───── EXERCISE DATA

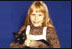 Amy Carter, daughter of Jimmy Carter (1977-81), holds her Siamese cat, Misty Malarky Ying Yang. 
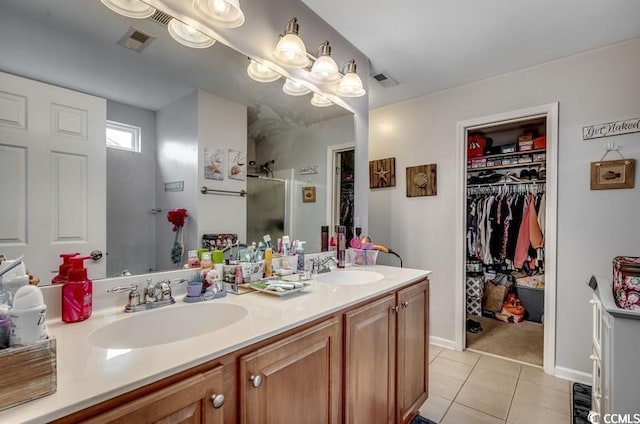 bathroom featuring a sink, a spacious closet, double vanity, and tile patterned flooring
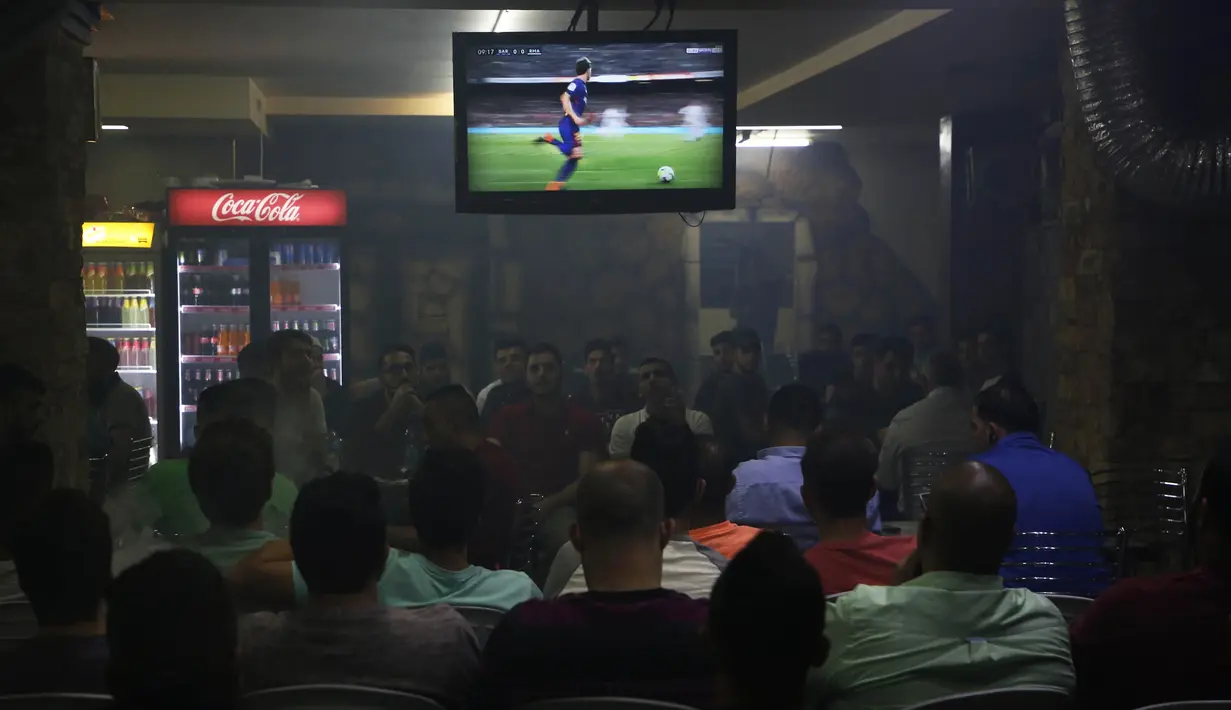 Warga Palestina menonton laga El Clasico antara Barcelona melawan Real Madrid di West Bank City, Ramallah, Minggu (6/5/2018). Konflik perang tak menyurutkan fenomena El Clasico. (AFP/Abbas Momani)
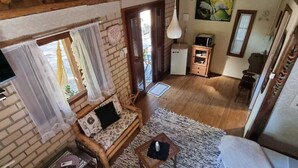 Ein gemütliches Wohnzimmer mit Holzboden, einer Couch, einem kleinen Tisch und einem Teppich.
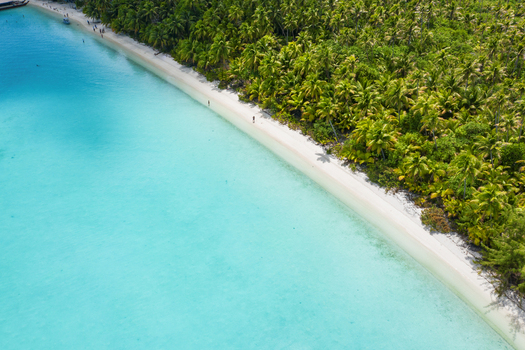 Aerial view of Aitutaki One Foot Island featuring a pristine white sand beach bordered by lush palm trees and vibrant turquoise lagoon waters Arutanga Cook Islands. Aerial view of Aitutaki One Foot Island featuring a pristine white sand beach bordered by lush palm trees and vibrant turquoise lagoon waters Arutanga Cook Islands.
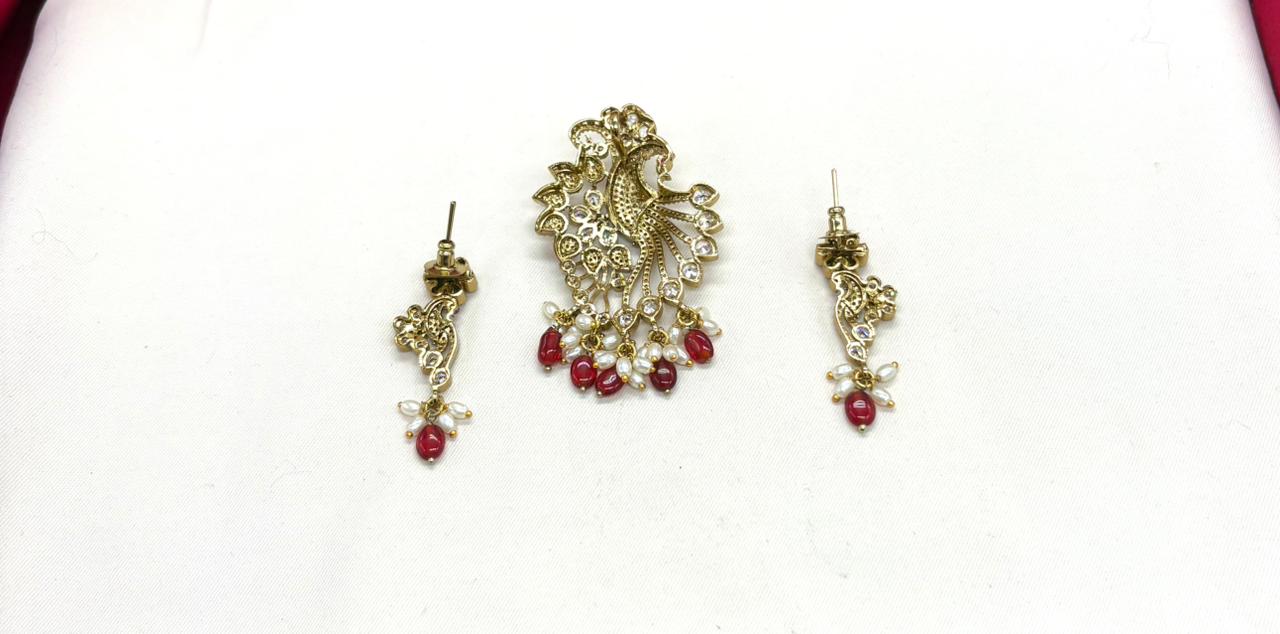 Victorian finishing peacock designed with red monalisa beads Locket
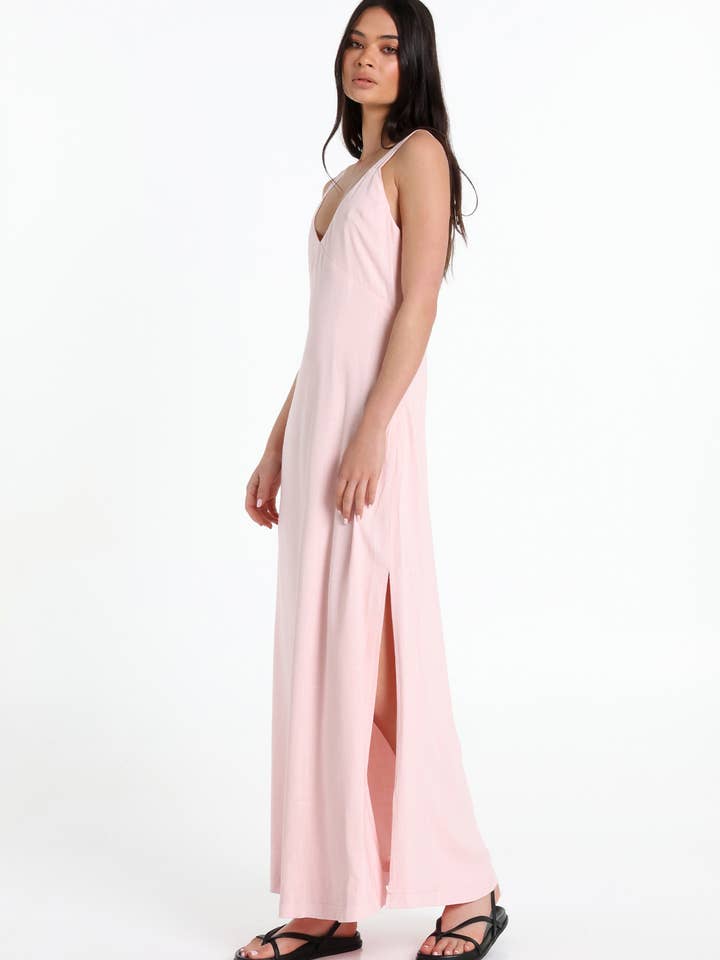 A woman modelling a light pink sleeveless maxi dress with a V-neckline and a high side slit, paired with black sandals, against a plain white studio background.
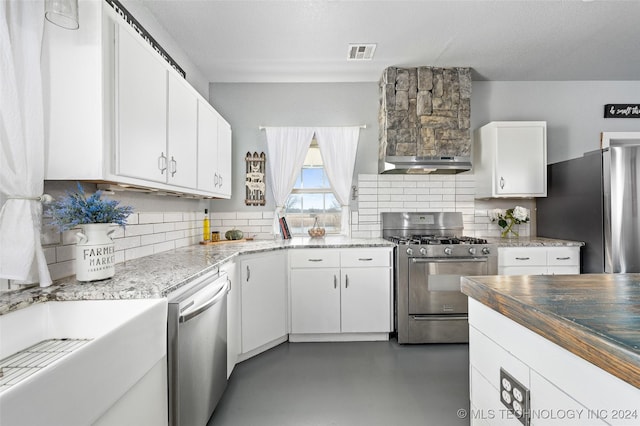 kitchen featuring stainless steel appliances, white cabinetry, and tasteful backsplash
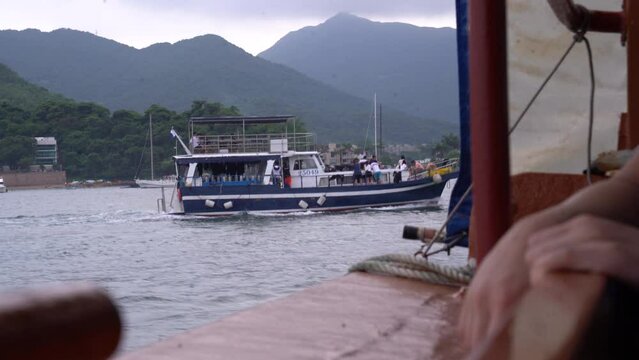 Boat sailing on a lake on a cloudy day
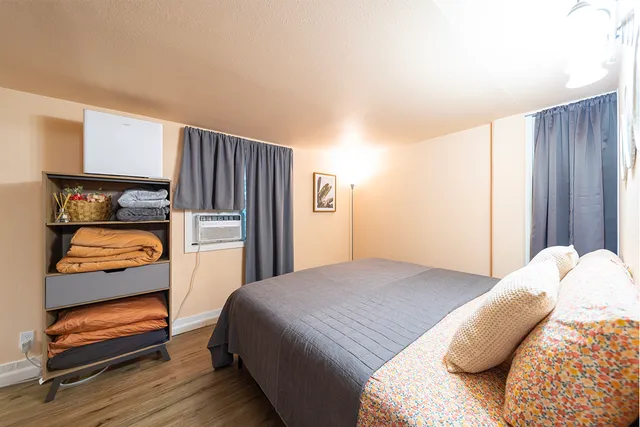 a bedroom with a bed and wooden floor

──────────

* **WORK ORDER**
Retype every record above word for word, leaving out any pictures.

* **COMPLETED EXERCISE**
 Amy Carter, daughter of Jimmy Carter (1977-81), holds her Siamese cat, Misty Malarky Ying Yang. 
 bathroom featuring a sink, a spacious closet, double vanity, and tile patterned flooring
 Warga Palestina menonton laga El Clasico antara Barcelona melawan Real Madrid di West Bank City, Ramallah, Minggu (6/5/2018). Konflik perang tak menyurutkan fenomena El Clasico. (AFP/Abbas Momani)
 Ein gemütliches Wohnzimmer mit Holzboden, einer Couch, einem kleinen Tisch und einem Teppich.
 Aerial view of Aitutaki One Foot Island featuring a pristine white sand beach bordered by lush palm trees and vibrant turquoise lagoon waters Arutanga Cook Islands. Aerial view of Aitutaki One Foot Island featuring a pristine white sand beach bordered by lush palm trees and vibrant turquoise lagoon waters Arutanga Cook Islands.
 Victorian finishing peacock designed with red monalisa beads Locket
 A woman modelling a light pink sleeveless maxi dress with a V-neckline and a high side slit, paired with black sandals, against a plain white studio background.
 kitchen featuring stainless steel appliances, white cabinetry, and tasteful backsplash
 Boat sailing on a lake on a cloudy day
 a bedroom with a bed and wooden floor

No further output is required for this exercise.